You told me to love my neighbors, to model the life of Jesus. To be kind and considerate, and to stand up for the bullied.
You told me to love people, consider others as more important than myself. "Red and yellow, black and white, they are precious in His sight." We sang it together, pressing the volume pedal and leaning our hearts into the chorus.
You told me to love my enemies, to even do good to those who wish for bad things. You told me to never "hate" anyone and to always find ways to encourage people.
You told me it's better to give than receive, to be last instead of first. You told me that money doesn't bring happiness and can even lead to evil, but taking care of the needs of others brings great joy and life to the soul.
You told me that Jesus looks at what I do for the least-of-these as the true depth of my faith. You told me to focus on my own sin instead of trying to police it in others.
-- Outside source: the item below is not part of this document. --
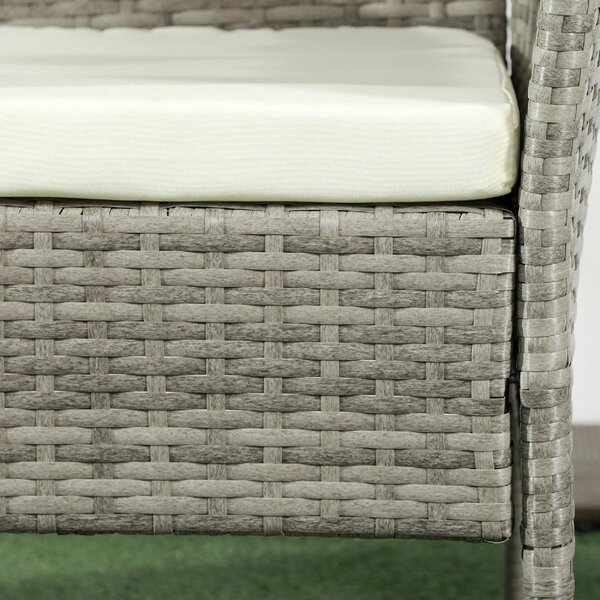 VivaGarden Salotto da Giardino con 2 Poltrone e Tavolino con Cuscini in Acciaio e Rattan PE colore Grigio/Crema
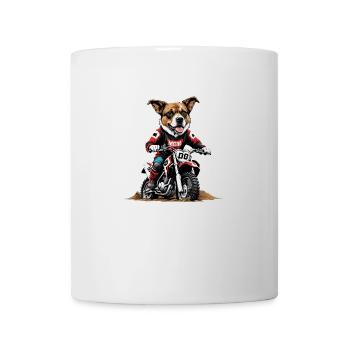 Motocross Vélo Chien Chien Cadeau Supermoto - Mug blanc - blanc - Devant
You told me to be accepting and forgiving.
I paid attention.
I took every lesson.
And I did what you told me.
But now, you call me a libtard. A queer-lover.
You call me "woke." A backslider.
You call me a heretic. A child of the devil.
You call me a false prophet. A reprobate leading people to gates of hell.
You call me soft. A snowflake. A socialist.
What the hell did you expect me to do?
You passed out the "WWJD" bracelets.
I took it to heart.
I thought you were serious, apparently not.
We were once friends. But now, the lines have been drawn. You hate nearly all the people I love. You stand against nearly all the things I stand for. I'm trying to see a way forward, but it's hard when I survey all the hurt, harm, and darkness that comes in the wake of your beliefs and presence.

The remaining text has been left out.